Alexander Kristoff will fancy this too, he can put out huge power and won’t have faded from yesterday’s stage. André Greipel gets on the list too, he’s in form. The French trio of Bryan Coquard, Nacer Bouhanni and Arnaud Démare all have a chance and the uphill slope should be enough to tempt Sam Dumoulin and Jonathan Hivert into the mix too but Coquard would be the best pick although he’s got a budget lead out train compared to others. There’s talk of a move to IAM Cycling because of his links to Jérôme Pineau – they joking call each other “father” and “son” – and it’s Pineau’s birthday so a gift could be in order.

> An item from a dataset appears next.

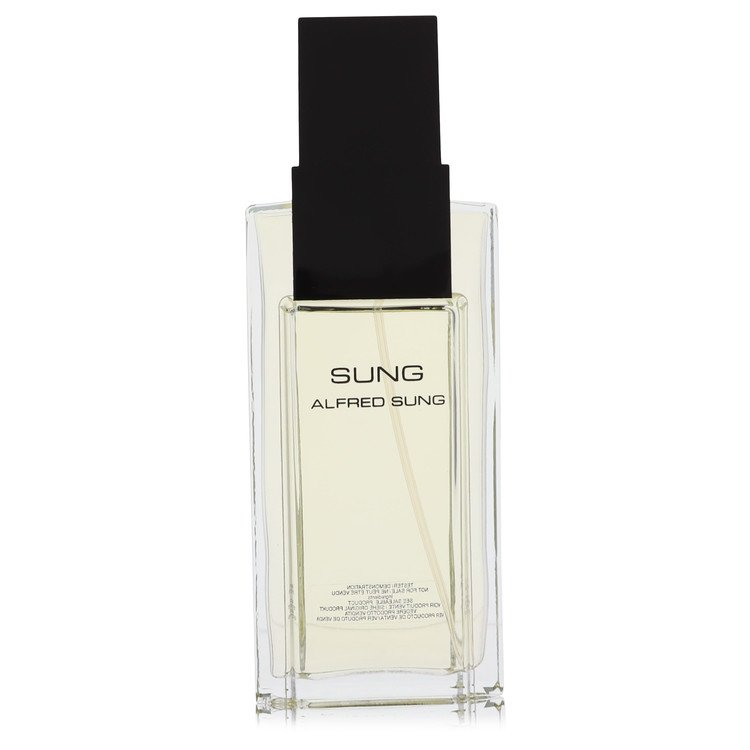 Alfred Sung 3.4 Oz Eau De Toilette Spray Tester for Women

|John Degenkolb, Alexander Kristoff, Michael Matthews|
|André Greipel, Bryan Coquard|
|Bouhanni, Démare, Rojas, Cimolai, Dumoulin, Hivert|
Weather: sunshine and clouds, 15°C and almost no wind to speak of again.

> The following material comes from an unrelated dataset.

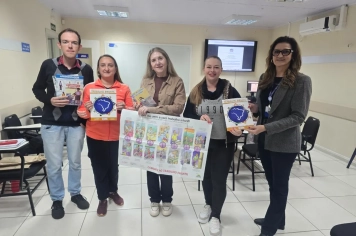 Rede municipal de Ijuí integra ações do projeto MPT na Escola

TV: live from 2.00pm Euro time with the finish expected for 3.55pm. Tune in early to see all the late climbs but it’s likely the fireworks are saved for the long climb.
That’s Paris-Nice: the stage starts in St Etienne which holds the record as the most visited town along the way. It’s a manufacturing city or rather it was. It’s still home to French brands like Zefal, Stronglight and TA. It’s not the birthplace of the derailleur but it is where it was refined, in large part thanks to a man called Paul de Vivie who often went by the nom de plume Vélocio during the start of the 20th century.

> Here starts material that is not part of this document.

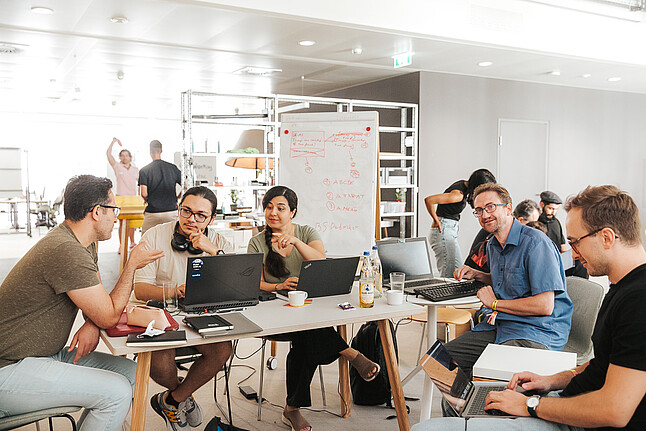 ViennaUP: Day 5, 07 June, 2024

Velocio is credited with the invention of the derailleur but this a myth. Velocio experimented with a British example called The Whippet and spent time perfecting it. At the time this was a select technology that was reserved for pure enthusiasts rather than the wider public, like electronic shifting today. Velocio’s riding pal Joanny Panel took things a step further and produced a bike with derailleur called Le Chemineau (the vagabond) and arguably the first bike that allowed people to tame mountain roads. Perhaps the proximity to these hills and also the booming cycle industry in St Etienne and nearby Lyon meant the ideas took off.
He also wrote the seven commandments for cyclists. They might be 100 years old but hold firm:
- Stop rarely and briefly, so as not to lose your rhythm
- Eat little and often. Eat before you are hungry, drink before you’re thirsty
- Never push yourself into such fatigue that you lose appetite and cannot fall asleep
- Wrap up before you get cold, undo layers before you get hot and do not fear exposing the skin to the sun, air and water
- Avoid, at least when riding, wine, meat and tobacco in your diet
- Never force the pace, ride within your means, especially during the first few hours when you’re tempted to ride hard because you feel full of energy
- Never ride for show or vanity
There’s a memorial to him at the top of the Col de République today. As riders cross the pass and shift into the big ring with the push of a button they pay tribute to Paul de Vivie.